Dans le détroit de Darien, on constate l’une des plus graves conséquences de l’inégalité produit par le capitalisme. Traverser la jungle du Darien colombien et panaméen est devenu la route possible pour grande partie des migrants en Amérique latine — et pas seulement — qui tente de migrer vers le Nord Global. Bien que ce ne soit pas ce flux migratoire qui oriente cette publication, dans le Darien, les migrants et les acteurs qui y sont liés sont tous du Sud Global. De la même manière, les stratégies pour garantir les droits essentiels aux personnes qui tentent cette traversée devront partir des gouvernements de Colombie et du Panama eux-mêmes. Yolanda Chois Rivera, activiste et chercheuse colombienne, partage son expérience avec la tragique histoire de cinq Ghanéens ayant tenté cette traversée en 2017.

La difficulté dans l’obtention des documents représente un grand obstacle dans l’accès de droits des migrants éthiopiens en Afrique du Sud — principalement pour les enfants —, selon ce que nous partagent Mackenzie Seaman et Henrietta Nyamnjoh, dans « Plus d’attentes, moins de droits ». Les difficiles conditions de vie des migrants népalais contrastent avec la pratique du droit au loisir lors des commémorations religieuses musulmane comme l’Ed — une brèche pour la rencontre et la célébration népalaises Kuala Lumpur —, nous raconte les narratives de Seng-Guang et Sheril A. Bistamante. Dans la Vallée du Jourdan, la Kafala est un système de parrainage des travailleurs migrants dans les contextes ruraux qui représente un énorme obstacle dans l’accès aux droits de base pour la communauté égyptienne en Jordanie, comme nous le racontent Ayman Halasa, Rawan Rbihat et Hala Abu Taleb. 
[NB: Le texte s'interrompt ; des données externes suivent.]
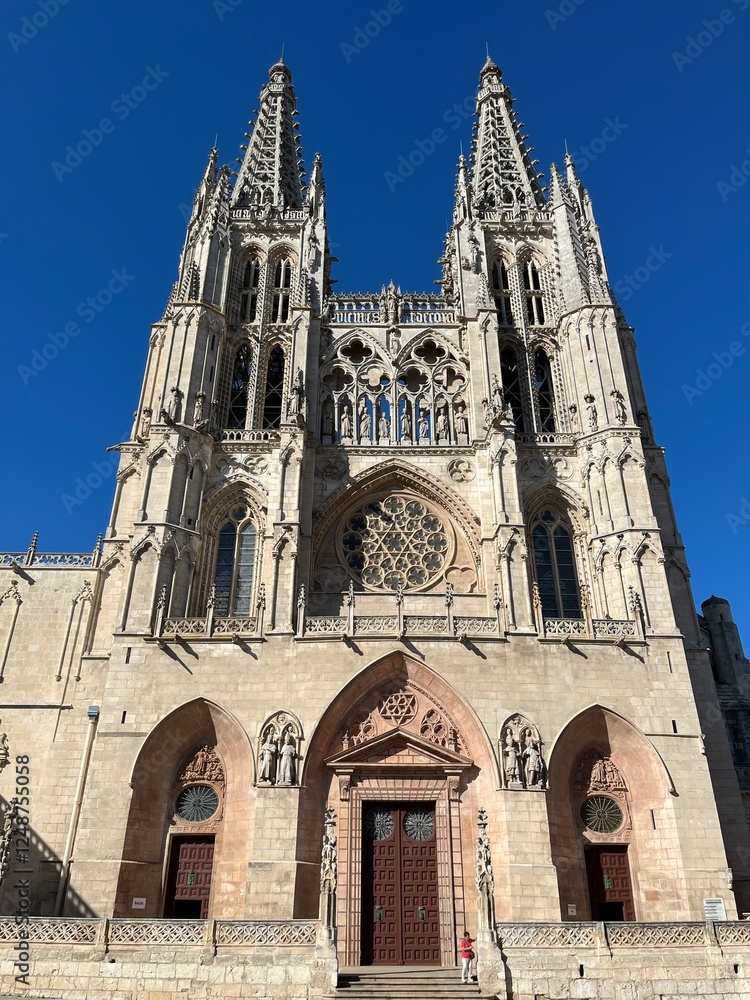 Fototapeta premium Fachada, puertas, techos y espacios increíbles de la catedral de Burgos, España.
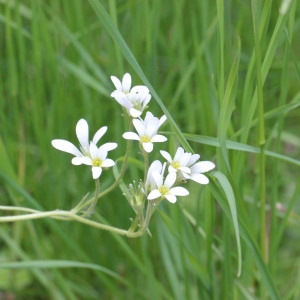 Photographie n°256370 du taxon Caryophyllaceae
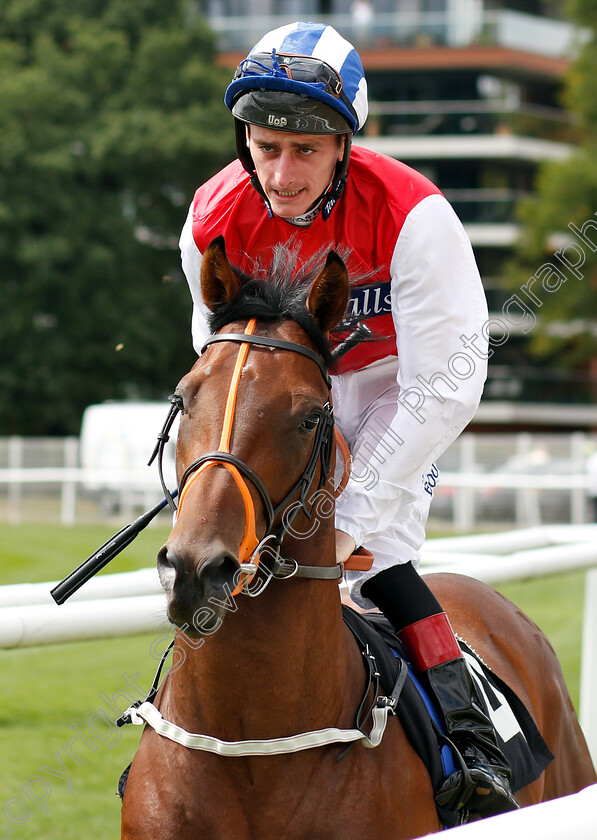 Cloak-And-Dagger-0001 
 CLOAK AND DAGGER (Adam Kirby)
Newbury 17 Aug 2018 - Pic Steven Cargill / Racingfotos.com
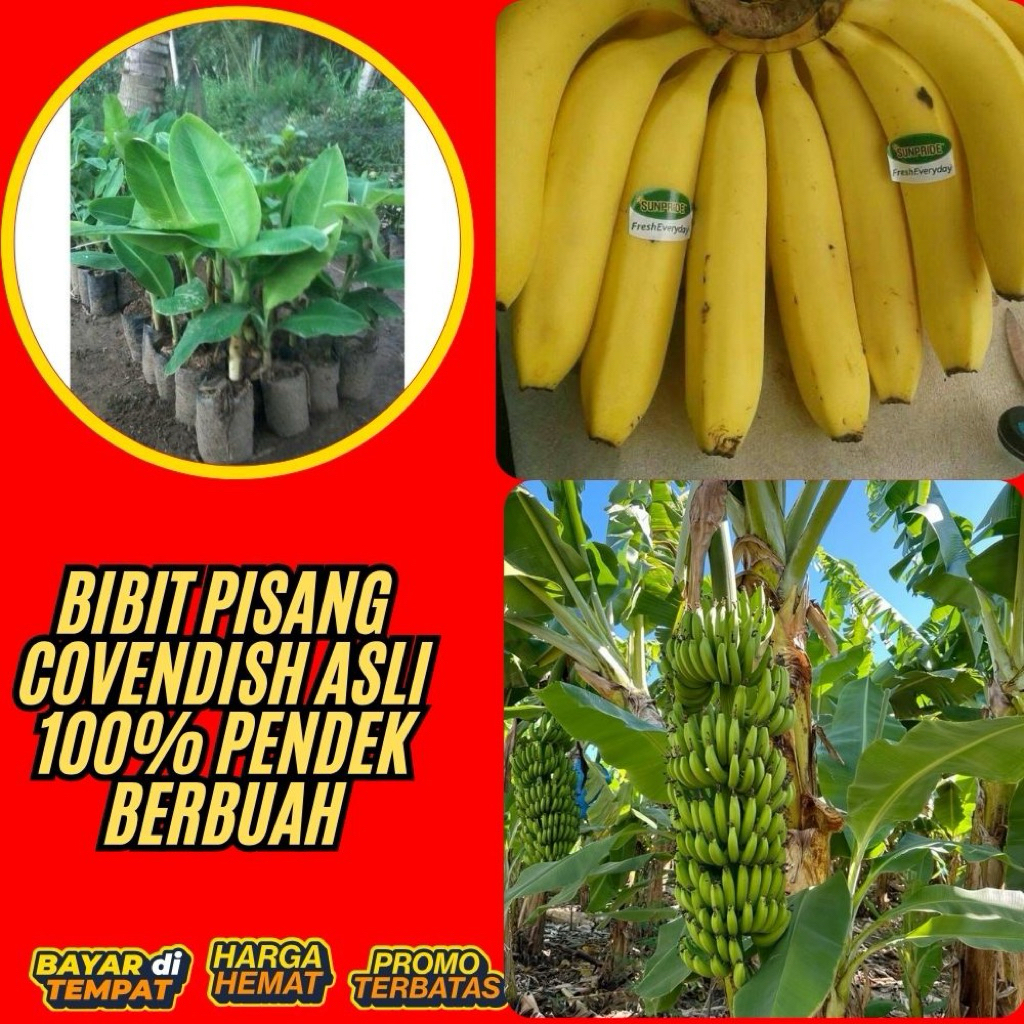 TERBUKTI ASLI !! Bibit Pisang Cavendish G9
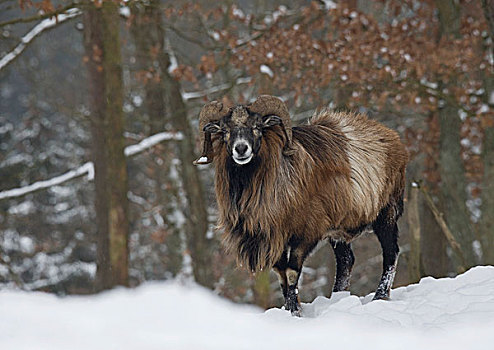 欧洲盘羊,冬天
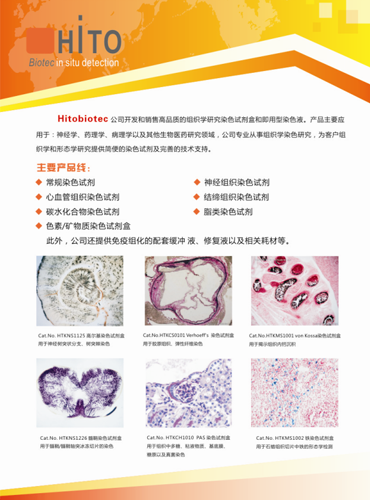 Hitobiotec神经组织染色试剂盒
Periferias 9 réunit un ensemble pluriel et divers en provenance et perspective sur les lectures et les stratégies dans la recherche de l’accès aux droits et à la justice dans les migrations. L’Uniperiferias remercie la Plateforme Mideq ainsi que les organisations partenaires pour le cheminement conjoint : la Fondation Tibe Setubal, l’Unicef 1Mio, la Fondation Heinrich Böll, l’Institut Unibanco. Que les expériences de vie, les réflexions et les propositions ici présentes contribuent pour que nous puissions percevoir le processus migratoire dans toute sa puissance, sa richesse et sa beauté.